Dreams of reconciliation have been repeatedly dashed, after much-trumpeted agreements signed in Cairo in 2011 and Doha in 2012 were never carried out.
“Sorry to say that we are familiar with such celebrations,” said Talal Okal, a Gaza political analyst. “I hope that this time will be more serious, but to be more serious is to go directly and quickly to the first step, to let the people touch and see, not to hear only.”
On Wednesday afternoon, after two days of meetings at the home of the Hamas prime minister, Ismail Haniya, in Gaza City’s Beach refugee camp, the Palestinian leaders vowed to form a government of technocrats within five weeks that would prepare for long-overdue elections six months later.
“I announce to our people the news that the years of split are over,” Mr. Haniya said triumphantly.
Azzam al-Ahmad, a senior Fatah official who headed the P.L.O. delegation to Gaza, said he hoped the deal would be “a true beginning and a true partnership.”
Ziad Abu Amr, deputy prime minister of the Palestinian Authority and a close aide to Mr. Abbas, said the new deal came about because “the situation has become more demanding and the pressures are rising.” He cited Egypt’s frequent closing of the Rafah border crossing, Gaza’s gateway to the world, which he said a technocratic government could reverse, as well as domestic political concerns.
“It’s a psychological and national issue that Palestinians feel they are united,” Mr. Abu Amr said. “This split is hurting them.”
He and other Palestinian leaders dismissed Israel’s threats and said reconciliation was an internal matter, noting that the presence of extreme right-wing members in Israel’s governing coalition had not stopped Palestinians from participating in the peace talks. They also pointed out that some Israeli leaders had questioned Mr. Abbas’s ability to deliver a peace deal with Hamas controlling Gaza.
“Mr. Netanyahu and his government were using Palestinian division as an excuse not to make peace,” said Saeb Erekat, the chief Palestinian negotiator. “Now they want to use Palestinian reconciliation as an excuse for the same purpose. This is utterly absurd.”
Israel’s cabinet planned to meet Thursday to plan its next steps. Dore Gold, a senior adviser to Mr.
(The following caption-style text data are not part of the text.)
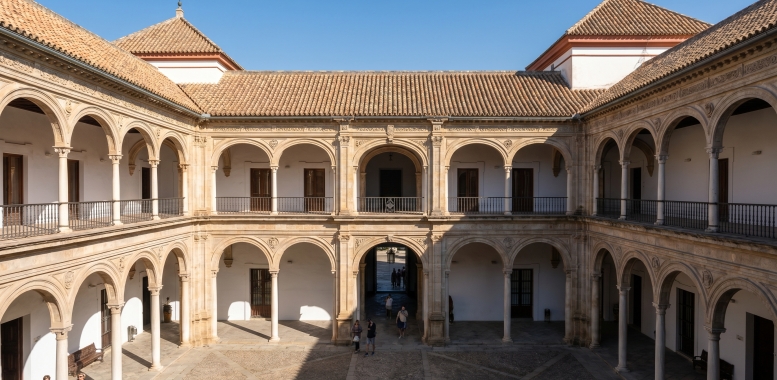 Patio de la Diputación de Sevilla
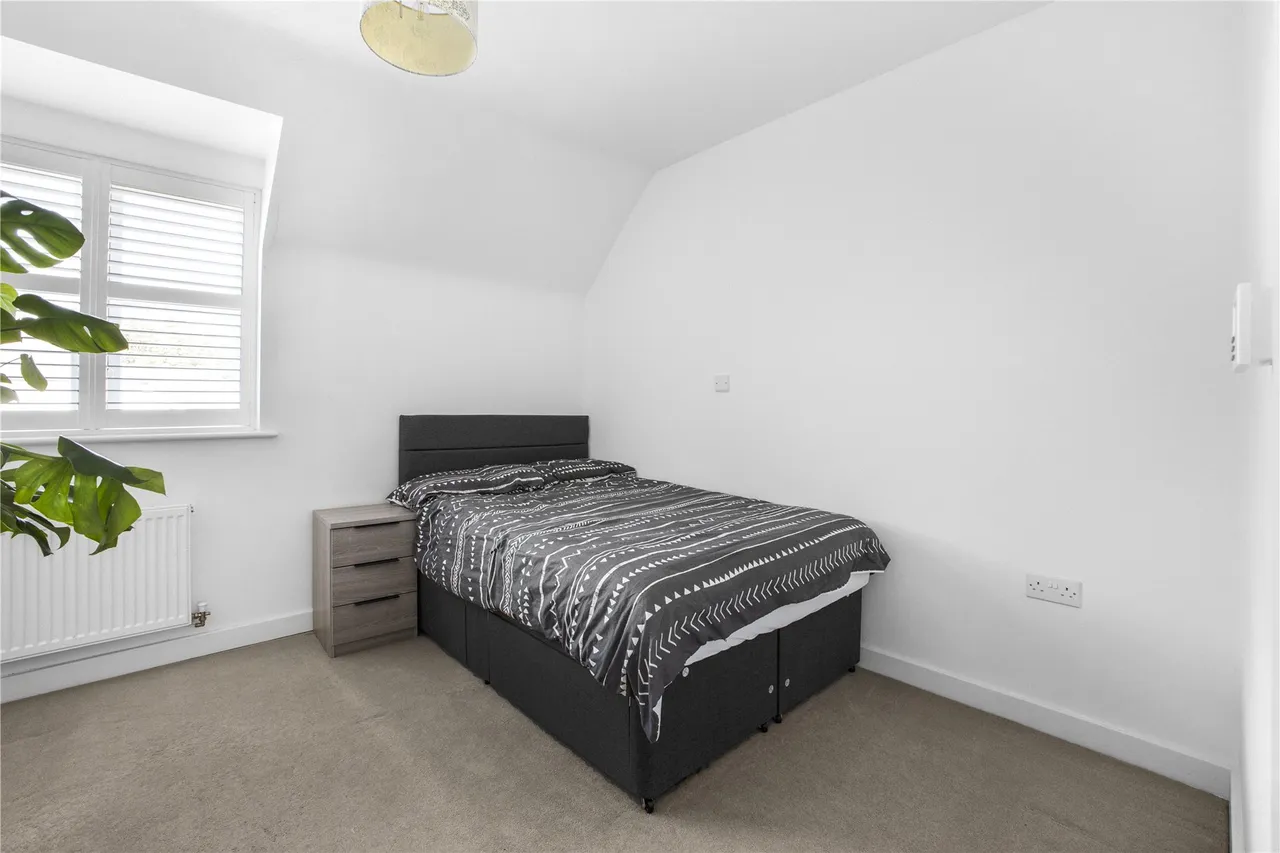 Brookwood Farm Drive, Knaphill, GU21, photo 6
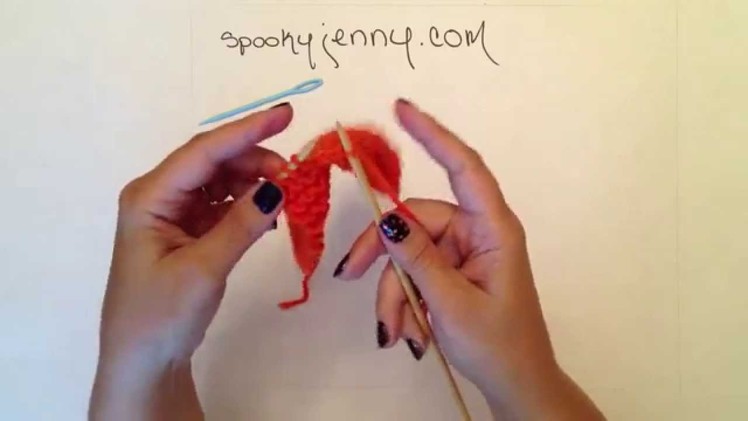 How to Knit a Halloween Scarf for Beginners: Binding Off - Part 4 of 5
Netanyahu, called the Palestinian deal “a real game changer,” and said, “You cannot have a serious peace process with Hamas inside.”
Tzipi Livni, Israel’s chief negotiator, said the reconciliation was a “very problematic development.”
Some Washington-based Middle East experts, who had long thought Mr. Kerry’s efforts to be an uphill struggle given the yawning gaps between Israeli and Palestinian positions on fundamental issues, said Wednesday’s developments boded ill.
Aaron David Miller, a former State Department peace negotiator, said Mr. Abbas had “bought peace at home in exchange for significant tensions with the Israelis” and called the move “one more nail to a peace-process coffin that is rapidly being closed.”
Dennis B. Ross, another former American peace envoy, said that the move could make Mr. Abbas “less susceptible to a domestic backlash for continuing the process with the Israelis,” but that “the timing is very problematic — when the process is already faltering, this could be a body blow.”
Tamara Cofman Wittes, director of the Saban Center for Middle East Policy at the Brookings Institution in Washington, said the implications depended on the precise terms of the reconciliation, which have yet to be revealed.
“If, and it is a big ‘if,’ Hamas comes under the P.L.O. umbrella in such a way that it accedes to the P.L.O.’s recognition of Israel and the P.L.O.’s signed agreements with Israel,” she said, “that would be historic.”
“What would make it horrible is if Hamas were to join the P.L.O. without those kinds of commitments,” Ms. Wittes added. “Then it calls into question the P.L.O.’s commitments that it has already made.”